Required work -
All records are to be reproduced verbatim, with images omitted.

Information given -
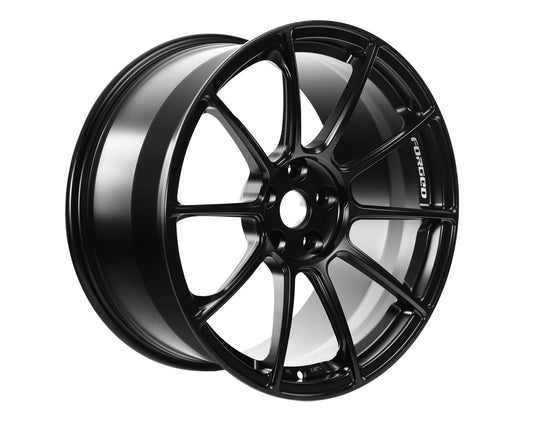 Aspira AF-10 18x9.0 - Rivian R2 (Set of Four) - Satin Black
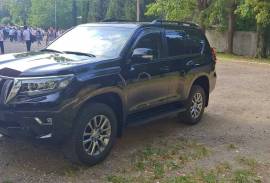 Toyota, Land Cruiser Prado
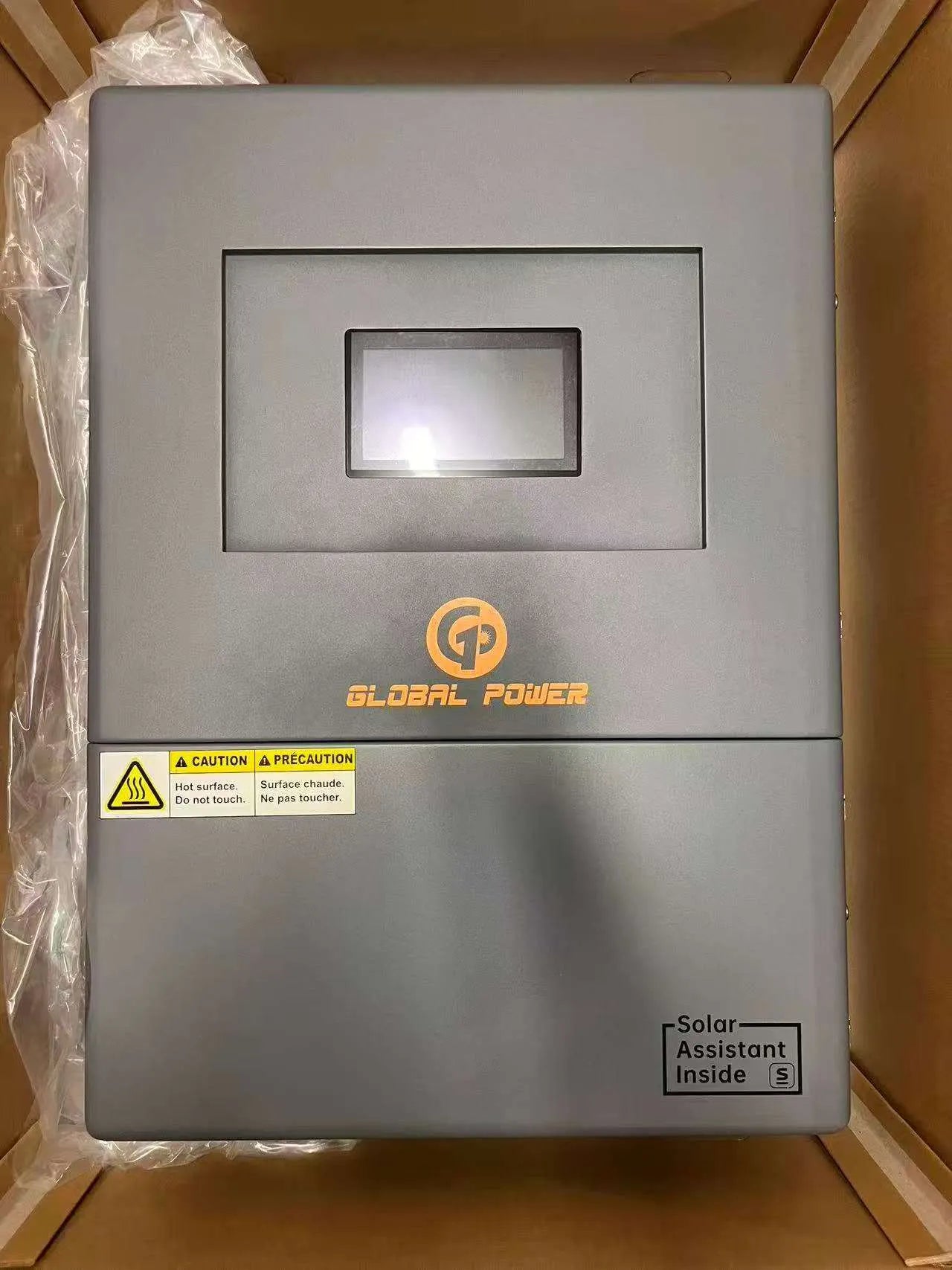 Global Power 16kW/22kPV Hybrid Solar Inverter - Image 21
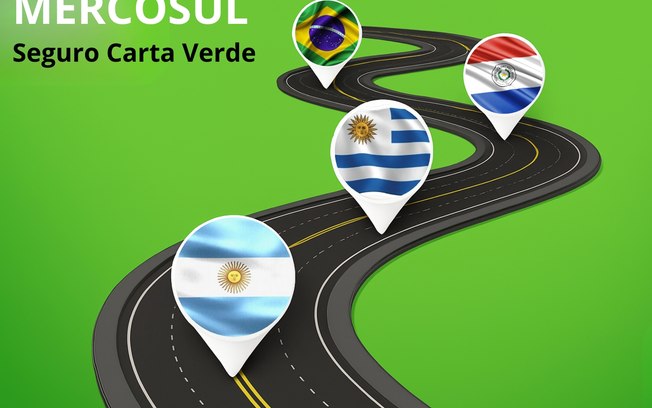 Viagens ao Mercosul impulsionam busca por Seguro Carta Verde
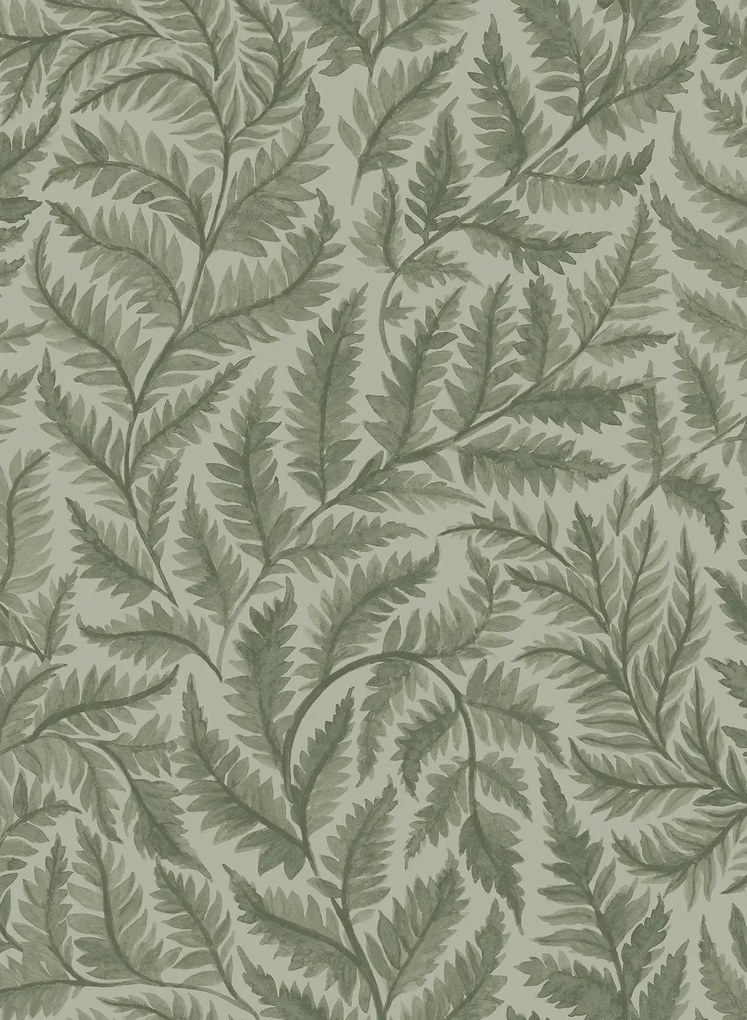 Boråstapeter Tapete Ferns - 7792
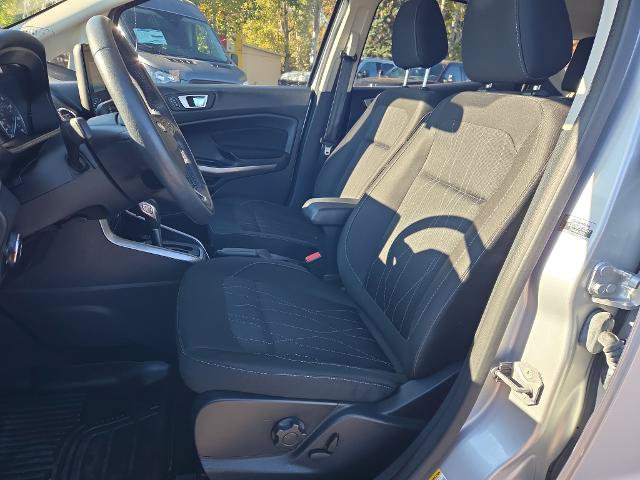 Certified 2019 Ford EcoSport SE w/ SE Convenience Package AWD/4WD image 16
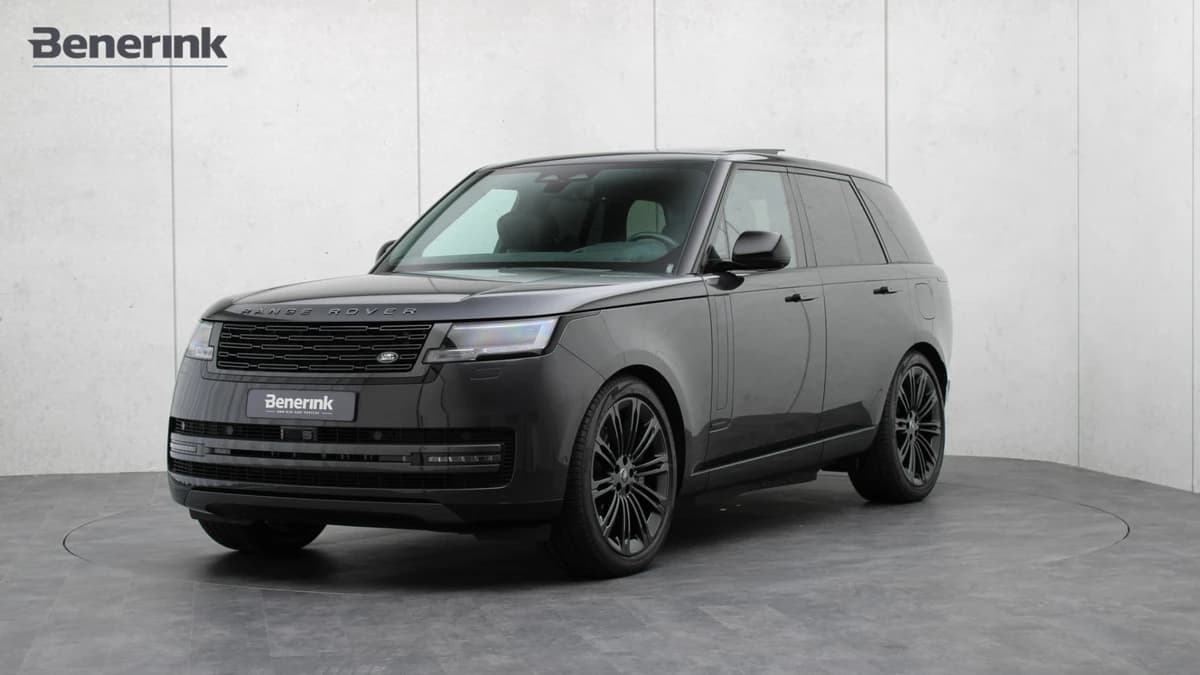 Land Rover Range Rover — foto 1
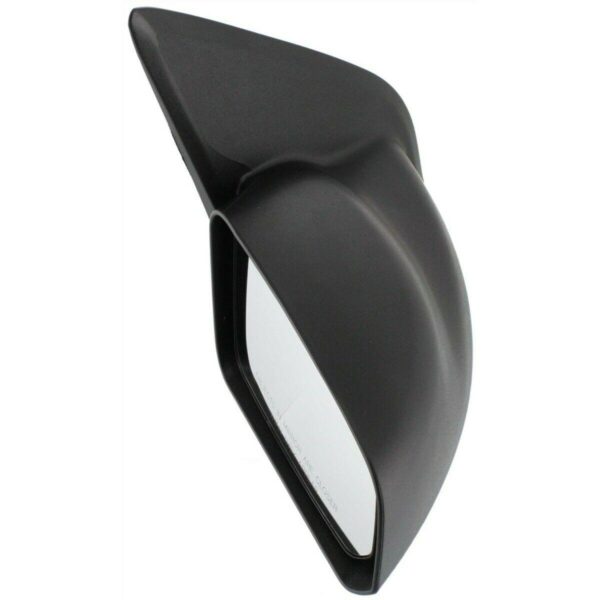 Mirror Passenger Side Saturn Ion Sedan 2003-2007 Manual Remote Textured , GM1321266 - Image 2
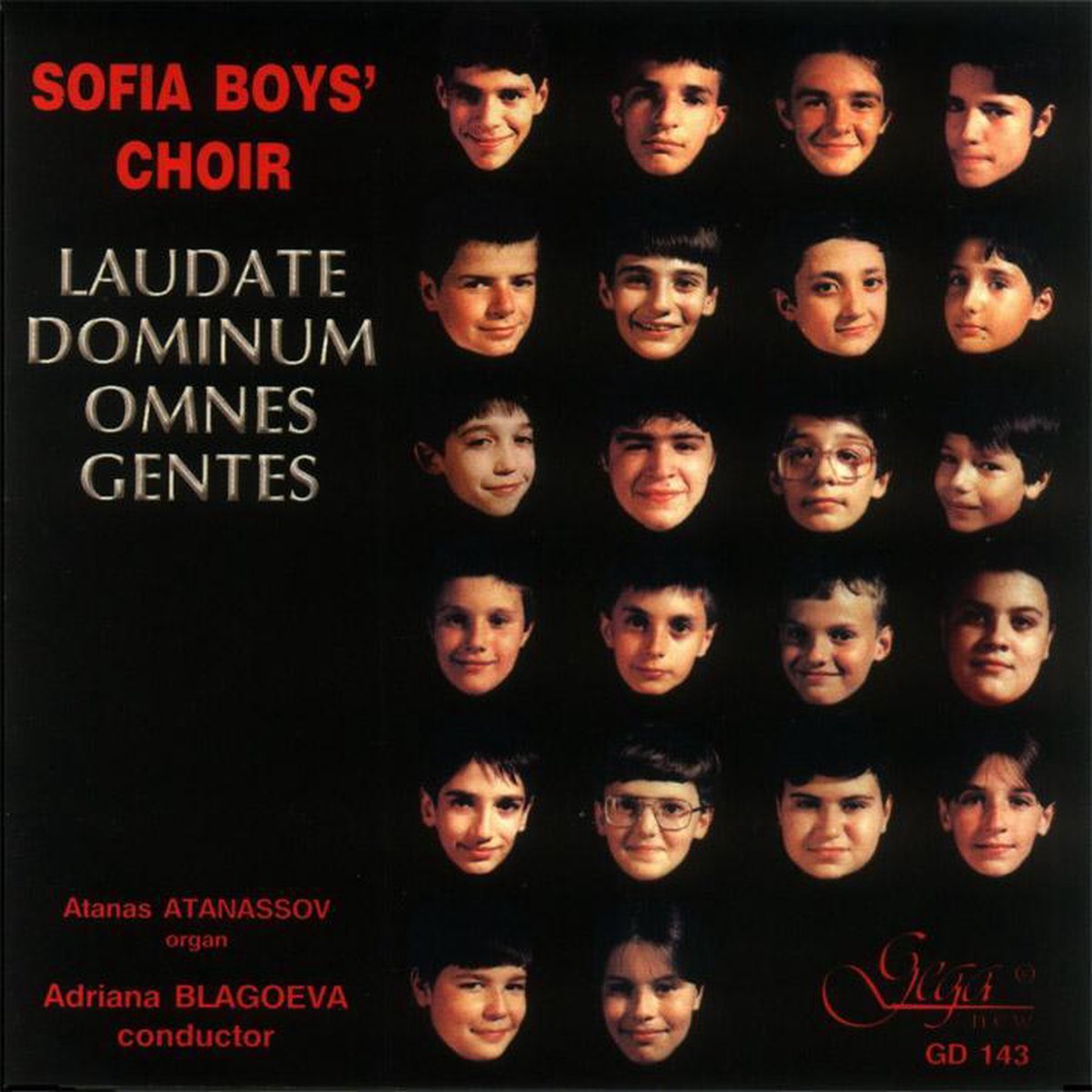 Laudate Dominum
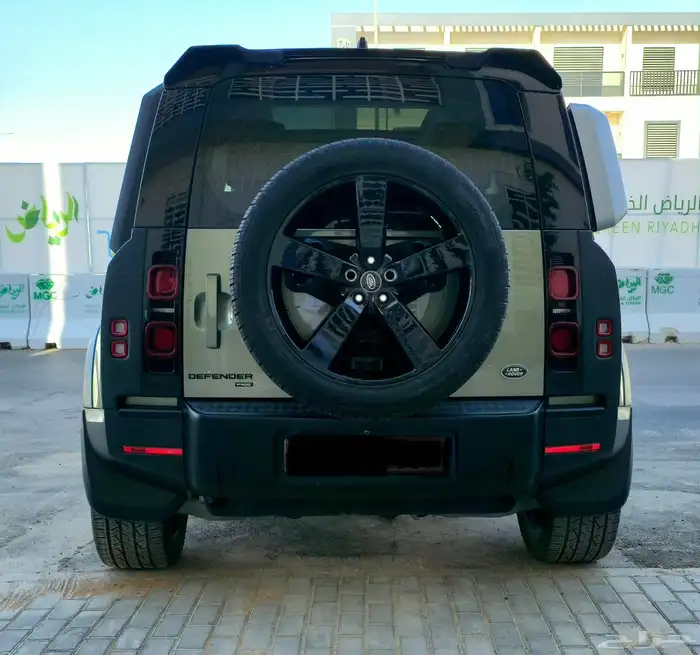 ديفندر 90 HSE 6 سلندر مديل 2021 2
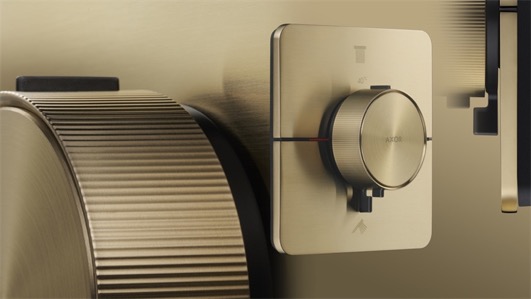 汉斯格雅集团荣获2025 iF双项金奖，彰显创新设计实力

Answer area -
 Aspira AF-10 18x9.0 - Rivian R2 (Set of Four) - Satin Black
 Toyota, Land Cruiser Prado
 Global Power 16kW/22kPV Hybrid Solar Inverter - Image 21
 Viagens ao Mercosul impulsionam busca por Seguro Carta Verde
 Boråstapeter Tapete Ferns - 7792
 Certified 2019 Ford EcoSport SE w/ SE Convenience Package AWD/4WD image 16
 Land Rover Range Rover — foto 1
 Mirror Passenger Side Saturn Ion Sedan 2003-2007 Manual Remote Textured , GM1321266 - Image 2
 Laudate Dominum
 ديفندر 90 HSE 6 سلندر مديل 2021 2
 汉斯格雅集团荣获2025 iF双项金奖，彰显创新设计实力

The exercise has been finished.